Collected data entries ->
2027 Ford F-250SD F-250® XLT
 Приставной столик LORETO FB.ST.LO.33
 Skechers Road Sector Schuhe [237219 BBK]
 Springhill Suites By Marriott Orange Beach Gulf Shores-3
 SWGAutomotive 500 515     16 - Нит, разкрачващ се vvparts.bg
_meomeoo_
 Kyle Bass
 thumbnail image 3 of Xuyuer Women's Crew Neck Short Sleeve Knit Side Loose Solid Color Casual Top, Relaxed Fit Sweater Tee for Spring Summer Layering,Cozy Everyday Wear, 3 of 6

TASK TO COMPLETE ->
From the line that contains "Springhill Suites By" through the end of the records above, print every line exactly and nothing else.

REPLY TO THE TASK ->
 Springhill Suites By Marriott Orange Beach Gulf Shores-3
 SWGAutomotive 500 515     16 - Нит, разкрачващ се vvparts.bg
_meomeoo_
 Kyle Bass
 thumbnail image 3 of Xuyuer Women's Crew Neck Short Sleeve Knit Side Loose Solid Color Casual Top, Relaxed Fit Sweater Tee for Spring Summer Layering,Cozy Everyday Wear, 3 of 6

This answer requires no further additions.